___ DATA SECTION ___
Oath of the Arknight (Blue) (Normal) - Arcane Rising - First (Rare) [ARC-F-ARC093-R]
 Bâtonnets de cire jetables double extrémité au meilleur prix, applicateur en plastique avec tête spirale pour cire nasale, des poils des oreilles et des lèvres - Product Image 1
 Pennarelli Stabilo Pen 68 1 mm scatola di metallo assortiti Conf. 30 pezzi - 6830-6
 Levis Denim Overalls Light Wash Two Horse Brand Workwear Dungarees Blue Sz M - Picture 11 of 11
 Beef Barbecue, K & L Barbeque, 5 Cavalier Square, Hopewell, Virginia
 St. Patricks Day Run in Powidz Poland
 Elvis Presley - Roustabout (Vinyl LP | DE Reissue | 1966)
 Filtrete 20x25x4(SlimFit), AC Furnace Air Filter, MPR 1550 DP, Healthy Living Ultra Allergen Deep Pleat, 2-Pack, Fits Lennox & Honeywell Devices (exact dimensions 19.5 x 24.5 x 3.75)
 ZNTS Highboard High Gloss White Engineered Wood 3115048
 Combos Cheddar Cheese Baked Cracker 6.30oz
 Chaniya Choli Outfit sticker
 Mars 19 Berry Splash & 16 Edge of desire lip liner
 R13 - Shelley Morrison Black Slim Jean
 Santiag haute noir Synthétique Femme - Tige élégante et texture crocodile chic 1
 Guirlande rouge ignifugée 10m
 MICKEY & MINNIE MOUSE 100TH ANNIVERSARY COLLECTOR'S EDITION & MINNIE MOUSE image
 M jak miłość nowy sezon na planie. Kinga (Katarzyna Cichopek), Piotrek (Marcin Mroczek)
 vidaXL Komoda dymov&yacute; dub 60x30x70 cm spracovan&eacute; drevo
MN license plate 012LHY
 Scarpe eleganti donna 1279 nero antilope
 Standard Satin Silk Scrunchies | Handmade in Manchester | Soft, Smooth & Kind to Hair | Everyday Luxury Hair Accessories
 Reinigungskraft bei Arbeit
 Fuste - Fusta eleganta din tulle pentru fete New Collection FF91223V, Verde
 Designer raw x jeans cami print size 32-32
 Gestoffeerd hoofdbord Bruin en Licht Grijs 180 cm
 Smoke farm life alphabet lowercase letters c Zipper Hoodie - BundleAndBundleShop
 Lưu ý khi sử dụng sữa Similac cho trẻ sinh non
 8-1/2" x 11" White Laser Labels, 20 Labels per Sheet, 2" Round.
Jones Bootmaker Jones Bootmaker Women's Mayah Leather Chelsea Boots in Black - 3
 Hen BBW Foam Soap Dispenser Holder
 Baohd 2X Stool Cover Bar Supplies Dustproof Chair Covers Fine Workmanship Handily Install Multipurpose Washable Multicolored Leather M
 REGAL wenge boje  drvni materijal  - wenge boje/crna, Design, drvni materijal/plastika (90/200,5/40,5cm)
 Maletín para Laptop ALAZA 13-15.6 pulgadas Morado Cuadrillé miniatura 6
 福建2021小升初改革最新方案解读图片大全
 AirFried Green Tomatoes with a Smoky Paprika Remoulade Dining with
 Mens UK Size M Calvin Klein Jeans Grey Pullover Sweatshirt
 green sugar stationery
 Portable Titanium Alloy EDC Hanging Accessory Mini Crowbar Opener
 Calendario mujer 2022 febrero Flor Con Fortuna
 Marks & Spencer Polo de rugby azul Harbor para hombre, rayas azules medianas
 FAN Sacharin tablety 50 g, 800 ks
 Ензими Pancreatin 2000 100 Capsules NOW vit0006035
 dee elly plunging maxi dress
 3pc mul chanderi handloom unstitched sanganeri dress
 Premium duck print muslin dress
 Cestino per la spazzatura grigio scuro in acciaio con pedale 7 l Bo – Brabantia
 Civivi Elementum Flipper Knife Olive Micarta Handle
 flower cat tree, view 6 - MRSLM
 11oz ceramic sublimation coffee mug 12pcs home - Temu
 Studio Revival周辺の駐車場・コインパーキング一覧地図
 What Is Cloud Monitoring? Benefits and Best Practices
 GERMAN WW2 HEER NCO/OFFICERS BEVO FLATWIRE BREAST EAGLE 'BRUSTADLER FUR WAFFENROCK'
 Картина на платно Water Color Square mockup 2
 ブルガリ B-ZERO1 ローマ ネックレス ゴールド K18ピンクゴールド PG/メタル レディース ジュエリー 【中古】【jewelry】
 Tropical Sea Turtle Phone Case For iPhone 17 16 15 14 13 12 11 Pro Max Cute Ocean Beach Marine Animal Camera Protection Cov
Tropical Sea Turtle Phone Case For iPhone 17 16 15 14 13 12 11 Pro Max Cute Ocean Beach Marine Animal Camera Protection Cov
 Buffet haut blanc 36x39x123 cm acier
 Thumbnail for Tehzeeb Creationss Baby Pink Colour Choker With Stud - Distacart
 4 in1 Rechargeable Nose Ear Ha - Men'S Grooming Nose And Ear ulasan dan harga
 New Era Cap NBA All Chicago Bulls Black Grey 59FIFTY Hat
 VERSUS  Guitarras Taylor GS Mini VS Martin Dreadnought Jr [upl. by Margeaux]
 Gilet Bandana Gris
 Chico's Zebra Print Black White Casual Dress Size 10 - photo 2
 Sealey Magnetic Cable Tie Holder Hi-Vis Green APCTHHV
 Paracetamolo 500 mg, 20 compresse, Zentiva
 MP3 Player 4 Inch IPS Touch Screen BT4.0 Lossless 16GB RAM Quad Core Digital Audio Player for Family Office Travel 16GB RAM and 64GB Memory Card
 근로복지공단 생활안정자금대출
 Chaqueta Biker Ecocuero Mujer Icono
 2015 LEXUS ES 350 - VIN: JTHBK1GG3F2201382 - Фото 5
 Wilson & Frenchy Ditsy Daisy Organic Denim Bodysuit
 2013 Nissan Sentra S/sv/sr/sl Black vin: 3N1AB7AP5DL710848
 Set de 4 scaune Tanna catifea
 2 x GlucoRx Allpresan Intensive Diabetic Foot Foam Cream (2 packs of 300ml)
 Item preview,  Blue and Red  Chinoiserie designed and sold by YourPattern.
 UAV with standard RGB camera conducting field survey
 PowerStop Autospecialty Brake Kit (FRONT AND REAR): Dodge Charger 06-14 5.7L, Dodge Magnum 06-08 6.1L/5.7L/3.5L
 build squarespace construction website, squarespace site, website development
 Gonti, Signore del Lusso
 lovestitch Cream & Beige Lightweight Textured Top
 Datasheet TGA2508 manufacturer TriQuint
___
● **WHAT YOU HAVE TO DO**:
Look above for the line containing "Gestoffeerd hoofdbord Bruin". Output from there through the line containing "Portable Titanium Alloy", exactly and inclusively.

● **ANSWER BOX**:
 Gestoffeerd hoofdbord Bruin en Licht Grijs 180 cm
 Smoke farm life alphabet lowercase letters c Zipper Hoodie - BundleAndBundleShop
 Lưu ý khi sử dụng sữa Similac cho trẻ sinh non
 8-1/2" x 11" White Laser Labels, 20 Labels per Sheet, 2" Round.
Jones Bootmaker Jones Bootmaker Women's Mayah Leather Chelsea Boots in Black - 3
 Hen BBW Foam Soap Dispenser Holder
 Baohd 2X Stool Cover Bar Supplies Dustproof Chair Covers Fine Workmanship Handily Install Multipurpose Washable Multicolored Leather M
 REGAL wenge boje  drvni materijal  - wenge boje/crna, Design, drvni materijal/plastika (90/200,5/40,5cm)
 Maletín para Laptop ALAZA 13-15.6 pulgadas Morado Cuadrillé miniatura 6
 福建2021小升初改革最新方案解读图片大全
 AirFried Green Tomatoes with a Smoky Paprika Remoulade Dining with
 Mens UK Size M Calvin Klein Jeans Grey Pullover Sweatshirt
 green sugar stationery
 Portable Titanium Alloy EDC Hanging Accessory Mini Crowbar Opener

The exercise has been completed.